Such bonds were claims on the cash flows from a pool of thousands of individual home mortgages. But the borrowers had the right to pay off any time they please – which made bond investors reluctant to invest in such loans. To limit this uncertainty, they took giant pools of home loans and carved up the payments made by borrowers into ‘tranches’. The buyers of the first tranch got hit with the first wave of mortgage prepayments – for which they received the highest rate of interest; the buyers of the last tranch got the lowest rate of interest in exchange for the assurance that his investment wouldn’t end before he wanted it to.
Then another innovation arrived: interest rate swaps – one party ‘swapped’ a floating rate of interest for another party’s fixed rate. The condition here was that it should be a large non-banking corporation “willing to bury exotic risks in its balance sheet”. AIG Financial Products came to be the largest owner of subprime mortgage bonds.

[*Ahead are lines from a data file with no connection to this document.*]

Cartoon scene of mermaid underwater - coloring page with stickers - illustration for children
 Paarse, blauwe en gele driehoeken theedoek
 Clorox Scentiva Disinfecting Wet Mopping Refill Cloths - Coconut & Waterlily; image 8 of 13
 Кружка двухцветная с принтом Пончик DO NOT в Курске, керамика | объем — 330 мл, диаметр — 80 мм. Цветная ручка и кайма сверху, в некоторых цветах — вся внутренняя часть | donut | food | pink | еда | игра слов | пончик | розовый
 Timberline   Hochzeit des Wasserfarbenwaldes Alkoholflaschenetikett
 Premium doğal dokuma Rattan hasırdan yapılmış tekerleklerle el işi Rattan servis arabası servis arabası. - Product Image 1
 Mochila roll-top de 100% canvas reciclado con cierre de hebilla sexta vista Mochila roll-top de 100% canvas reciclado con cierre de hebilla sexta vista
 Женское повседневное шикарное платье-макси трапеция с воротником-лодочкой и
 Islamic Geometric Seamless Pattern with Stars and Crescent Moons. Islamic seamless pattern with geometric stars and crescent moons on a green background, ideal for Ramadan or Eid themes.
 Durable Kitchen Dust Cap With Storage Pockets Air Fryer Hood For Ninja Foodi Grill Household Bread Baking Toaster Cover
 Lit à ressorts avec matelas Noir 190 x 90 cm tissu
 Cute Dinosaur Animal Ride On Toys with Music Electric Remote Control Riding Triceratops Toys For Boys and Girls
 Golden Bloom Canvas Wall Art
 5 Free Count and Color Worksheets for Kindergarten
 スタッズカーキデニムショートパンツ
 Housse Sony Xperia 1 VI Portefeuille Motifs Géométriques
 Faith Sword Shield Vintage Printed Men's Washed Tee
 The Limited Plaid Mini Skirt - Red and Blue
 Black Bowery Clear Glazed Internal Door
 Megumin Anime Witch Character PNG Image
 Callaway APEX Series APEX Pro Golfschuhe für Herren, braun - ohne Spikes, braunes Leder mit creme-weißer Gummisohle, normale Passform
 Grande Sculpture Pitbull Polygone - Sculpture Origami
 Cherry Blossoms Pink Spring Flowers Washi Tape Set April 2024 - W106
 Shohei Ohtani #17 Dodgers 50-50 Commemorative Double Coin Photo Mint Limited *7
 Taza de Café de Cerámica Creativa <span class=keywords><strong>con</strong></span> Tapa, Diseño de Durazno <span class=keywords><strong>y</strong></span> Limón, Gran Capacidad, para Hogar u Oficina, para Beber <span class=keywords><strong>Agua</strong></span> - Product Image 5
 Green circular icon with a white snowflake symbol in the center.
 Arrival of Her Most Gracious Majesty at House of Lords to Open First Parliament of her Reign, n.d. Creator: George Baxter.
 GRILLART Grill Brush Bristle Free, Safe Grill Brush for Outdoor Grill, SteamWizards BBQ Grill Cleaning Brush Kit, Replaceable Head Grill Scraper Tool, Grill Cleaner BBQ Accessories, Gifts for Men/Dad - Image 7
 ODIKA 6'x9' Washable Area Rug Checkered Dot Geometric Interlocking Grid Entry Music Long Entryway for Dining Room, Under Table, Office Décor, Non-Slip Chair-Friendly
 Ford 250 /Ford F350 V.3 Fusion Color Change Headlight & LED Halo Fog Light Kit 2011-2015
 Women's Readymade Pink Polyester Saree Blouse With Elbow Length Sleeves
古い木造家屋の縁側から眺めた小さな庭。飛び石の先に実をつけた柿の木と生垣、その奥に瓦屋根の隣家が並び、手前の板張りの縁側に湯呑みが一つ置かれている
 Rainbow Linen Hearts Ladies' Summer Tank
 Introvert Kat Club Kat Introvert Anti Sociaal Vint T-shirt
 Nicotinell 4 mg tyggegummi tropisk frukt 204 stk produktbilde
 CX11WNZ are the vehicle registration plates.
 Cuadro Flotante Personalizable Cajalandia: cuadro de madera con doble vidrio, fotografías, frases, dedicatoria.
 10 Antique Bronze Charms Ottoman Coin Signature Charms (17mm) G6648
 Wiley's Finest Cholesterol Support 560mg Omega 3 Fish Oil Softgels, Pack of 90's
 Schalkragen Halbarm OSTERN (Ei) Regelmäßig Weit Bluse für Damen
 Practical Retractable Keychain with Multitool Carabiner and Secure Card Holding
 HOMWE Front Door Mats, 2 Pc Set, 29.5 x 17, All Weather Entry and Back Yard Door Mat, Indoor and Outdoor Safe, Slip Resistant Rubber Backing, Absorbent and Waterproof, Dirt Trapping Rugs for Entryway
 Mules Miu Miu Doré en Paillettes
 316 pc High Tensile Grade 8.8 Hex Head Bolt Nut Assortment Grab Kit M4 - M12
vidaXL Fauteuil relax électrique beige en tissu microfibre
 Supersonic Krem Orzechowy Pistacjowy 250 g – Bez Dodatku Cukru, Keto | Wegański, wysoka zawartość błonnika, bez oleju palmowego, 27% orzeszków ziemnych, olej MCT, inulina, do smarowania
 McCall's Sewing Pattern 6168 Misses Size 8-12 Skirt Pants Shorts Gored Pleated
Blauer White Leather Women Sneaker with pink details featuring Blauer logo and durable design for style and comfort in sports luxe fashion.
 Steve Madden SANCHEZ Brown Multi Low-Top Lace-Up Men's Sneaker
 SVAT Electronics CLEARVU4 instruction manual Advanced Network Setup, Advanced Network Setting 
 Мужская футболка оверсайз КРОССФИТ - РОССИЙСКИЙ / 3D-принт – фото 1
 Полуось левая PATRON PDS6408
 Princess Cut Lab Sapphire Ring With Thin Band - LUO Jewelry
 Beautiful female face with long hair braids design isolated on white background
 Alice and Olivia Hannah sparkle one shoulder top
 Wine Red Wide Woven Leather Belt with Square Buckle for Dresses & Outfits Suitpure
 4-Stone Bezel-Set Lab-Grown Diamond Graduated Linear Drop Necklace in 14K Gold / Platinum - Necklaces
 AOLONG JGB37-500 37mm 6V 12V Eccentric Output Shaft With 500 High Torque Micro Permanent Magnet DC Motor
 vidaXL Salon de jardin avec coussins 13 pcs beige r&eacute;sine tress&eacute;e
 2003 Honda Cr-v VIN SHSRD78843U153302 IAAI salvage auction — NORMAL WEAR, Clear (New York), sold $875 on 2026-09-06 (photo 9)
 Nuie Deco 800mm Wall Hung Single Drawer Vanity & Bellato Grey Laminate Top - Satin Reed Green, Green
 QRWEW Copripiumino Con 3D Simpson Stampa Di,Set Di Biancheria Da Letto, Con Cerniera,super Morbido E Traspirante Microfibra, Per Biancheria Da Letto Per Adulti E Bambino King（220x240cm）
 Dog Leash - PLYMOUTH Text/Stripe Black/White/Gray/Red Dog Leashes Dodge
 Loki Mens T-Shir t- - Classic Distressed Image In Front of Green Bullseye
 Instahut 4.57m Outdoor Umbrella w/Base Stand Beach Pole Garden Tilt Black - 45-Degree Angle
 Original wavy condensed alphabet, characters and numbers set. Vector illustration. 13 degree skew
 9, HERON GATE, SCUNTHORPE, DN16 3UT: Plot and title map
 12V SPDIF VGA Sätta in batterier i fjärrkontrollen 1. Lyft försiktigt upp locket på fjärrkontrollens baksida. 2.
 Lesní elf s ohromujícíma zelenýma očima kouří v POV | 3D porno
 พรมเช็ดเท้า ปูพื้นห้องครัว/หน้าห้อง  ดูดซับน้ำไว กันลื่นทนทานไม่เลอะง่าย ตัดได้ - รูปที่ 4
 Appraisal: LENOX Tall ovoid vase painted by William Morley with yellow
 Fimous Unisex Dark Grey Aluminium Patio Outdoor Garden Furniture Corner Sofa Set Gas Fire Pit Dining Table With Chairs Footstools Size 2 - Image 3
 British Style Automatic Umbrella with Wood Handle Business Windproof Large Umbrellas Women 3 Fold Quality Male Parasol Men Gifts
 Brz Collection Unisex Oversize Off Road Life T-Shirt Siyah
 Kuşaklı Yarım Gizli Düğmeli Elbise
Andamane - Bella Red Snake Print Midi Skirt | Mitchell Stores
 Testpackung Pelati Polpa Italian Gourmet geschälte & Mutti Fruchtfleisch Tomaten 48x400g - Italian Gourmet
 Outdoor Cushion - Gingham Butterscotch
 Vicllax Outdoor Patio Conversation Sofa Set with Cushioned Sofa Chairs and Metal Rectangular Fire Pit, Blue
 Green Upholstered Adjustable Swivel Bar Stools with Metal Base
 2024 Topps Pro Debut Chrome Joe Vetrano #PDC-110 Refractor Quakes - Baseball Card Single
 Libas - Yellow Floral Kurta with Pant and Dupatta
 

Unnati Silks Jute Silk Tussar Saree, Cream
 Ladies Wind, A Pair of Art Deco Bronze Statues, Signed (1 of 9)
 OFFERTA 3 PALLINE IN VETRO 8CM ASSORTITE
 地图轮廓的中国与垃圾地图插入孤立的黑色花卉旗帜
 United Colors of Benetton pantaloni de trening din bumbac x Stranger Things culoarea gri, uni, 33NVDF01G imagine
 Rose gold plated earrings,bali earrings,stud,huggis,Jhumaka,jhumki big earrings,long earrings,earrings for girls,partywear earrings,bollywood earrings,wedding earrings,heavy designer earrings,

Goldman Sachs’ Gregg Lippmann transferred to AIG FP all its future losses from $20 billion in Triple-B rated bonds.
Then came CDOs (collateralised debt obligation) – originally intended to redistribute the risk of defaults in corporate and government bond “now jiggered to disguise the risk of subprime mortgage bonds”. Surprisingly, the rating agencies (paid fat fees by Goldman Sachs) pronounced 80% of these as Triple-A. The innovative spirit turned the purpose of redistribution of risks associated with home loans to hiding the risks by complicating it.
When the defaults came cascading, there was financial genocide – and yet the problem remains: no one knows the amount, in dollars, of credit default swaps bought and/or sold by various banks.
The book wasn’t meant to be a chronological account, one presumes – it has been written more to display the author’s familiarity with the inner workings of the sinister financial machine (though not quite the I-told-you-so variety). At the end of it all one does get a rather murky  idea of the murkier deals that brought the house crashing down.